When designing an IP surveillance system storage is an important part of the design, which if overlooked can cause a number of technical problems.
The move away from analogue cameras and the rapid increase in video resolutions and image quality for IP surveillance systems has created a need for more storage. A few years ago 1 Megapixel cameras were common but today, 3, 4 or above are normal specs for projects. Using codecs can help to decrease storage requirements by about 30% and therefore reduce costs.
A video compression codec helps reduce the video files and save storage and bandwidth for your recording system. Currently there are two main video compression formats, H.264 and motion JPEG. In this blog we will look at the new codec – H.265 – and see how it works.

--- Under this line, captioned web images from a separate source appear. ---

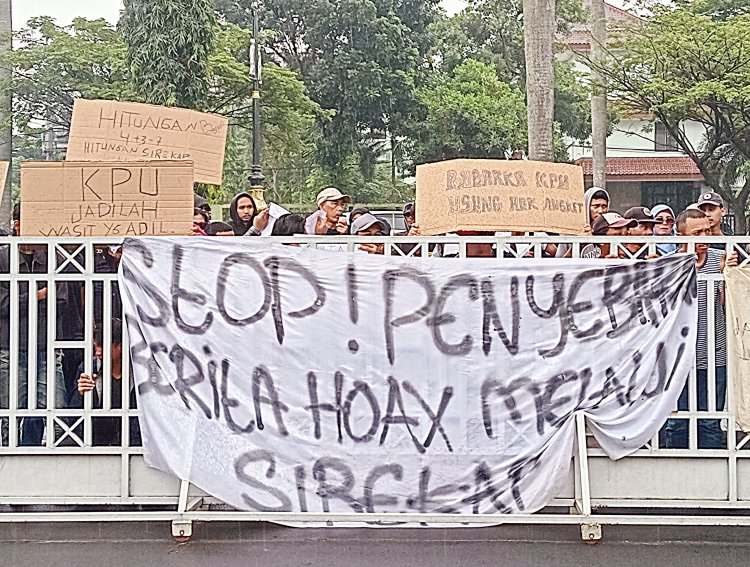 Koalisi Masyarakat Anti Hoax Datangi Kantor KPU Kabupaten Bogor, Ini Tuntutannya !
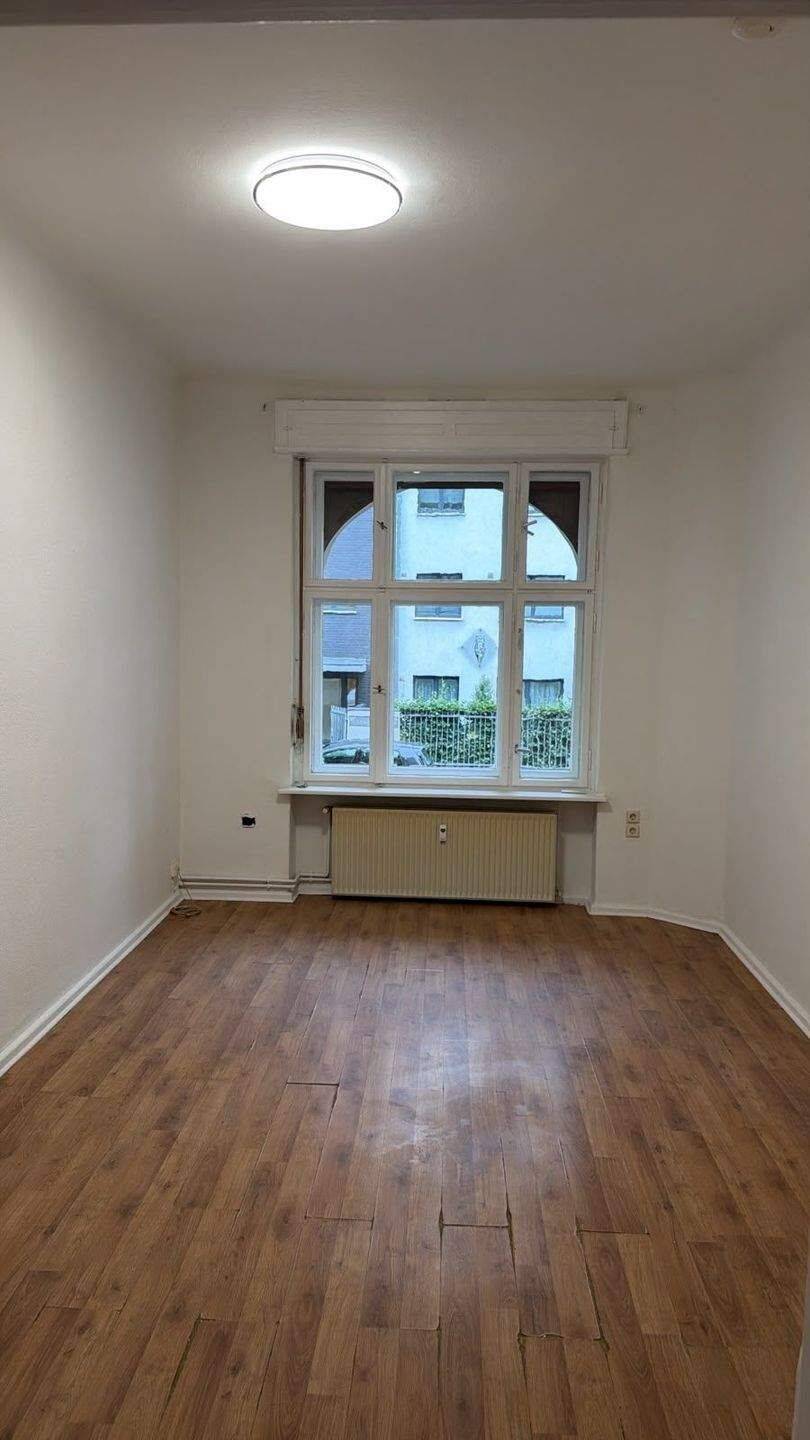 3 Zimmer Wohnung im EG, 13055 Berlin (Lichtenberg Hohenschönhausen Alt-Hohenschönhausen Hohenschönhausen)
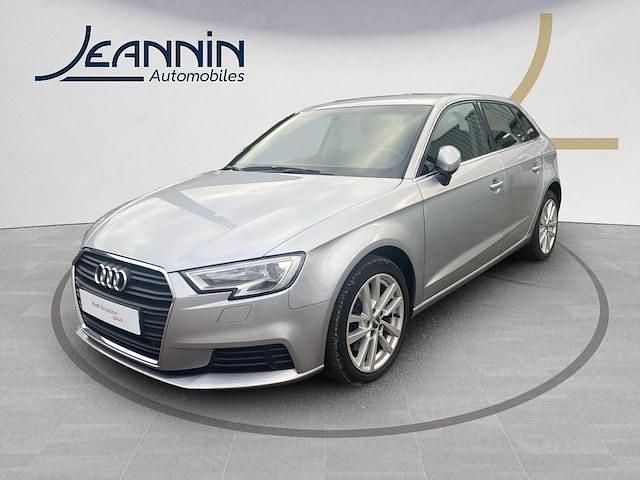 Argent fleuret métallisé Utilisé 2020 Audi A3 Business | 21 990 € (Super prix) - Image 1/4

How does the compression work?
H.265 works in much the same way as H.264, the camera sends I-frame/intra frame every second (or after a preset number of frames), this is a full image and is the starting point; after this the camera will send p-frames, that contain the differences between the I-frame and the frame it is trying to show.
The below picture shows what is sent if using JPEG: this format just sends the whole image for each frame, using large amounts of bandwidth.
With H.264 and H.265, frame 1 is the i-frame and contains the whole image, frame 2 is just the difference between itself and the i-frame; p-frames. Within the p-frames there is also data to allow the prediction of movement which lowers the data that is required to be sent. The following frames are again just the differences. Once sewn back together there is no drop in quality but the savings on bandwidth can be immense. The picture below shows how both H.264 and H.265 compression works.
This may provide savings in network bandwidth and storage costs but it requires higher performance in terms of processing power, for cameras, recording servers and client machines, as frames are encoded and decoded during data transmission.
How H.265 differs.
H.264 groups areas of the picture before sending, this can mean a large area is seen as moving and is sent across the network. H.265 allows these groups to be larger allowing less network traffic. These larger blocks also have greater motion vectors included; allowing for better prediction with less residual error.
This allows H.265 to send the same data as H.264 but use less bandwidth to do so. With the current trend in videos towards high resolution and frames per second the bandwidth savings become vital.